As their collaborator, Sarah Heilshorn, PhD, assistant professor of materials science in the School of Engineering, explains: “In living organisms, cells exist in a three-dimensional world, touching materials of one sort or another all around them. In the lab, we put them on flat petri dishes and expect them to behave the same way. Sometimes they do, and sometimes they don’t.”
Kuo and Ootani use a commercial collagen gel for their intestine cultures. Heilshorn’s lab spends a lot of time thinking about how to design materials that mimic the body. “Calvin and I wondered if maybe the gel composition and oxygen availability might need to be adjusted to make these human tissues feel more at home,” she says.
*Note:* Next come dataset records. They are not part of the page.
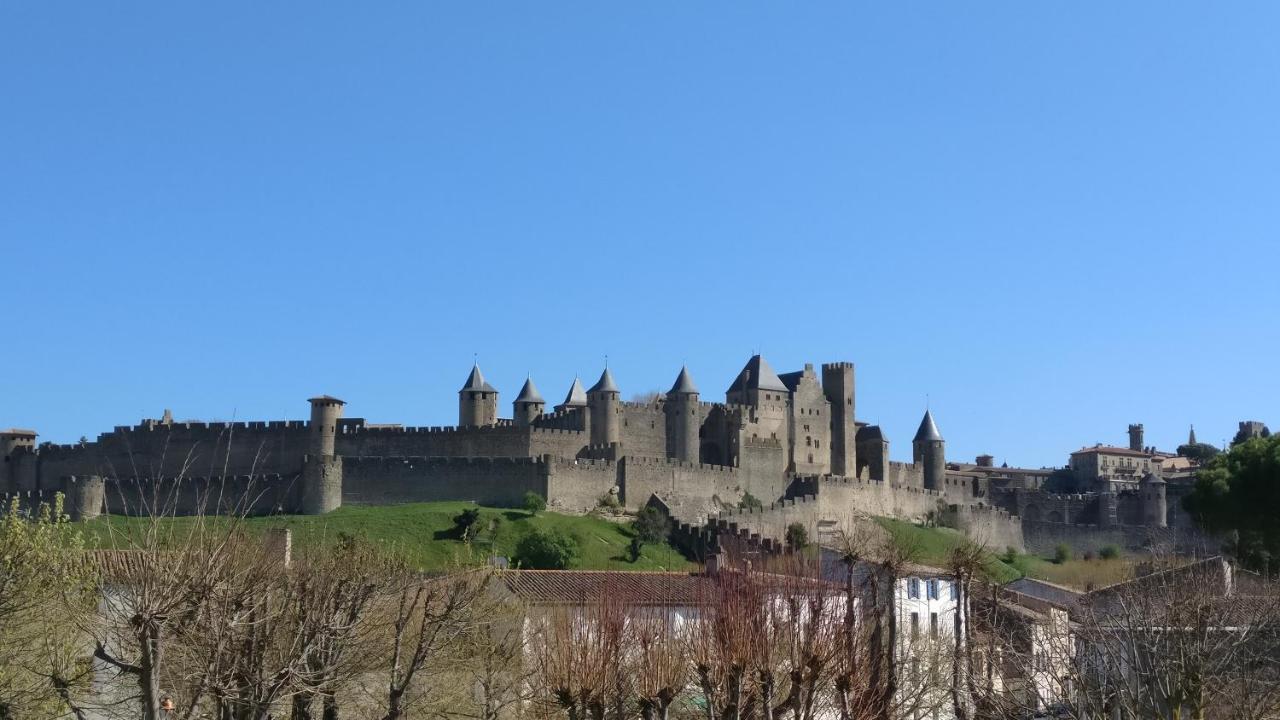 Villa Pour Des Vacances Idylliques Pres De La Cite ! Carcassonne Exterior foto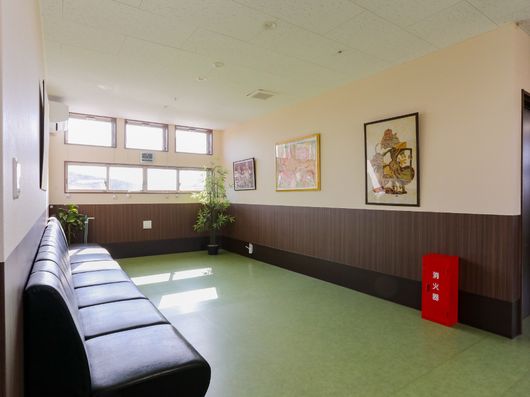 待合室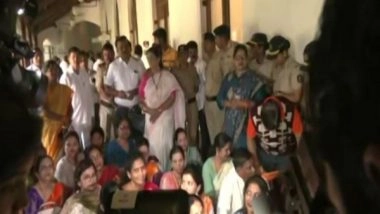 India News | Mumbai: Uddhav Thackeray-led Shiv Sena Faction Holds Protest at BMC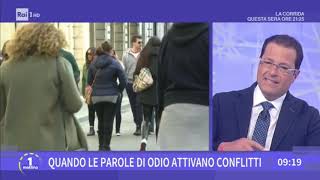 "Prima di giudicare pensa" il nuovo libro presentato su Rai 1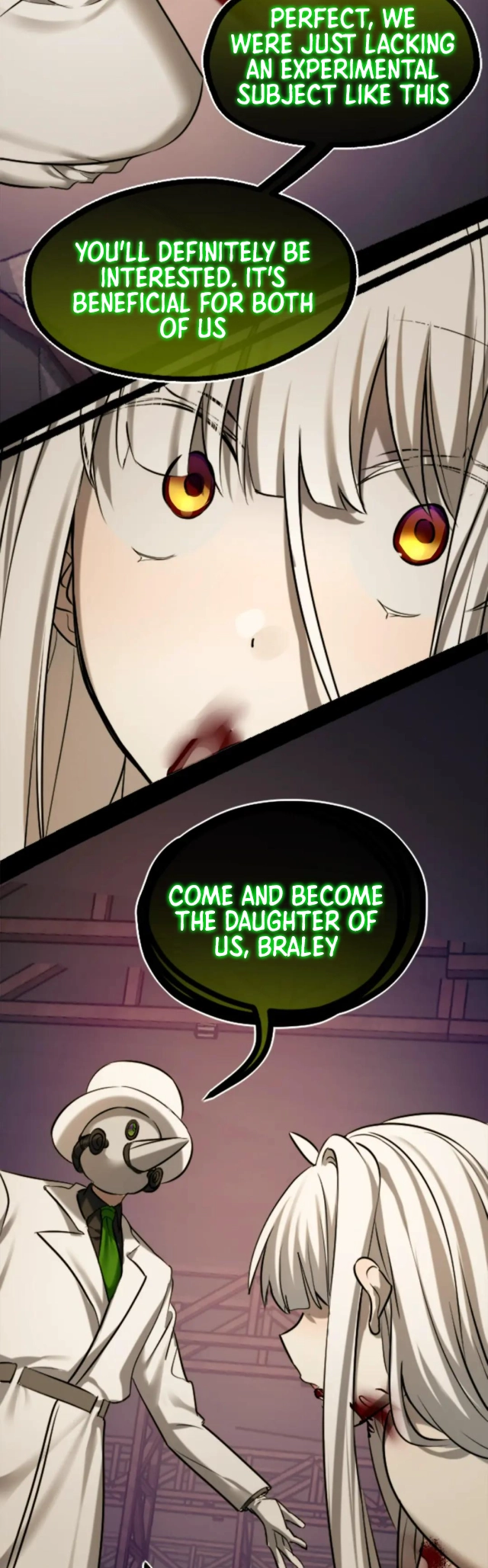 Black Snow. White Moon. Eternal Blossom. Chapter 29 page 57 - 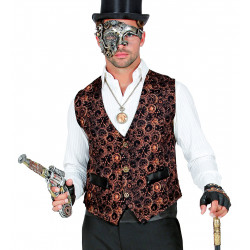 Gilet Steampunk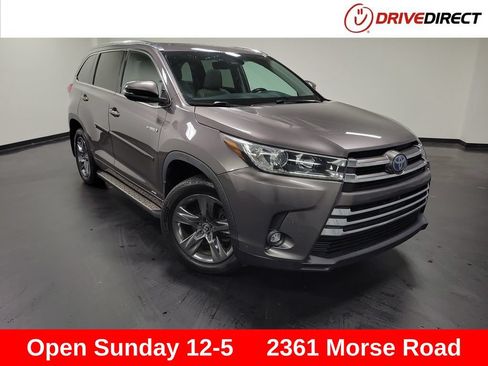 Used 2019 Toyota Highlander Limited Platinum AWD/4WD image 1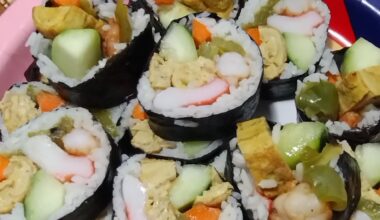 First Time Kimbap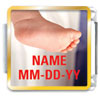 Baby Foot Custom Photo Italian Charm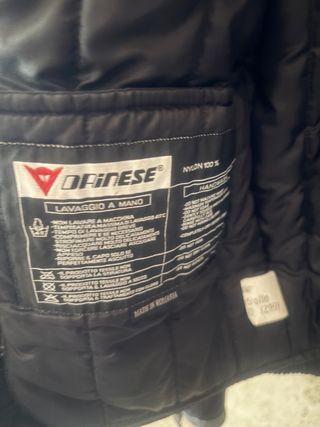 Giacca Moto Dainese Vintage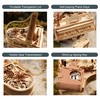 ROKR Magic Piano Mechanical Music Box 3D Wooden Puzzle Adult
Kuo has enlisted Heilshorn to develop a superior scaffolding material for human tissue and perhaps, down the road, a more fully developed organ. The scaffold would be composed of specially engineered proteins whose carefully spaced components can mimic growth factors identified by Kuo as critical to sustaining Ootani’s cultures.
Is there any possibility of coaxing these spheroid intestinal cultures into going tubular? Heilshorn’s lab is developing scaffolds to encourage tubular structures such as blood vessels and has already developed scaffolding for application and delivery of neural cells. “It’s quite conceivable that you could encourage these intestinal cells to grow as tubes, too,” she says.
“A complete, full-scale intestine would be the eventual dream goal,” says Kuo.